Hashing complements alignment-based methods for bacterial genome annotation
DNA sequencing has changed biology like nothing else since the origin of species theory. In particular, the way we investigate microbial life has fundamentally changed. Today, we are able to sequence DNA with unprecedented speed and resolution, so that we are even able to sequence genomes of microbes that have never been described or cultivated before. At the same time, whole-genome sequencing of known—most pathogenic—species, has become a routine methodology carried out worldwide as a daily business.
This, in turn, constantly increases the amount of publicly stored sequences, which are equally becoming a treasure trove and a hurdle both at the same time. For many sequence-based computational analyses, comprehensive and thorough genome annotations play a crucial role as a common starting ground. And for a long time this has been perceived as a solved problem.
But, the daily influx of new genome and gene sequences into public databases poses new issues for the rapid annotation of microbial genomes. In particular, the search for similar or identical protein-coding genes has become a large-scale bioinformatics search problem like a needle in a haystack—an astonishingly large haystack, nowadays.
In this context, we're facing two diametrically diverging developments. On one hand, public databases are flooded with similar and near-identical protein sequences. For instance, these include those of utmost relevance like antimicrobial resistance genes and virulence factors—sequences which can be crosslinked with tons of useful information from many public databases. On the other hand, countless new sequences emerge from metagenome projects sequencing of what is often referred to as microbial dark matter. However, for many of these sequences no additional information is available at all.
Two distinct bioinformatic challenges arise from this situation: first, the exact identification of known sequences, and second, the functional description of rare or even unknown sequences—both in the order of hundreds of millions. To address these challenges, we tried an alignment-free protein sequence hashing strategy coupled with two hierarchical sequence alignment steps as a new approach to this problem. Our work was published in the journal Microbial Genomics.
To exactly identify known protein sequences, we used a hash function that maps input data of arbitrary lengths to fixed-size binary fingerprints. These hash functions are well-known from so-called checksum calculations due to an important characteristic: they are extremely fast to compute, much faster than traditional sequence alignments.
To take advantage of this, we created a compact, local database with hash fingerprints of more than 220 million protein sequences. In a second step, we pre-assigned high-quality annotations and cross-links to further external databases. Of note, these demanding large-scale computations are only required once at the database compilation step which we regularly conduct upon new releases.
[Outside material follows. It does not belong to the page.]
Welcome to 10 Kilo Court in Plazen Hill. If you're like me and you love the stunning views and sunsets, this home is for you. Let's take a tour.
For the actual genome annotation process, we can use this dense information storage at runtime and thus achieve exact sequence identifications and ultra-fast lookups of related information.
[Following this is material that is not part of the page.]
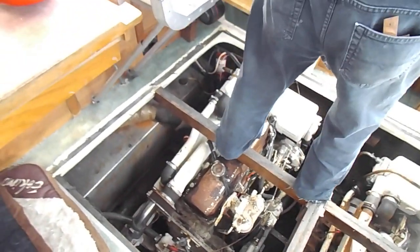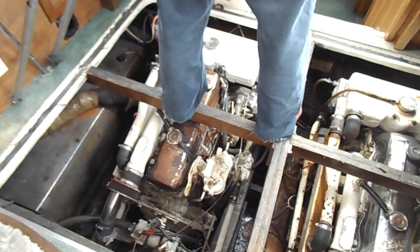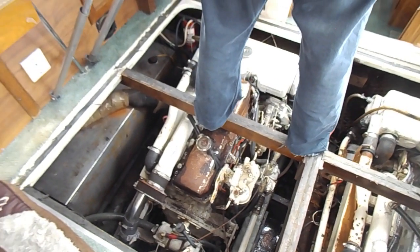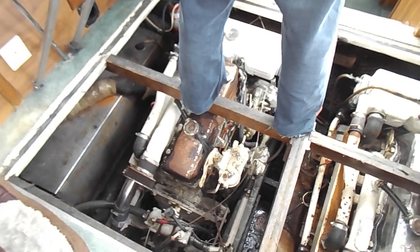And there we have it, our port engine started from the button. So if you're more interested in seeing more of this boat then please go to www.boatshednorfolk.com. Thank you very much for watching.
We also reduced overall storage requirements to one third even though additional rich annotation information is included like gene symbols, EC numbers, GO terms, protein products and external database accessions. This information is a valuable resource to connect sequences at hand with related sequences stored in public databases.
Interestingly enough, this alignment-free approach also helped to substantially avoid computationally expensive alignments which follow as a fallback search strategy for unidentified sequences. In a hierarchical two-step process, remaining protein sequences were searched via traditional sequence alignments against protein cluster representative sequences. First, more than 99 million dense protein clusters were screened for matches followed by a second search using more-relaxed thresholds screening more than 13 million wider clusters.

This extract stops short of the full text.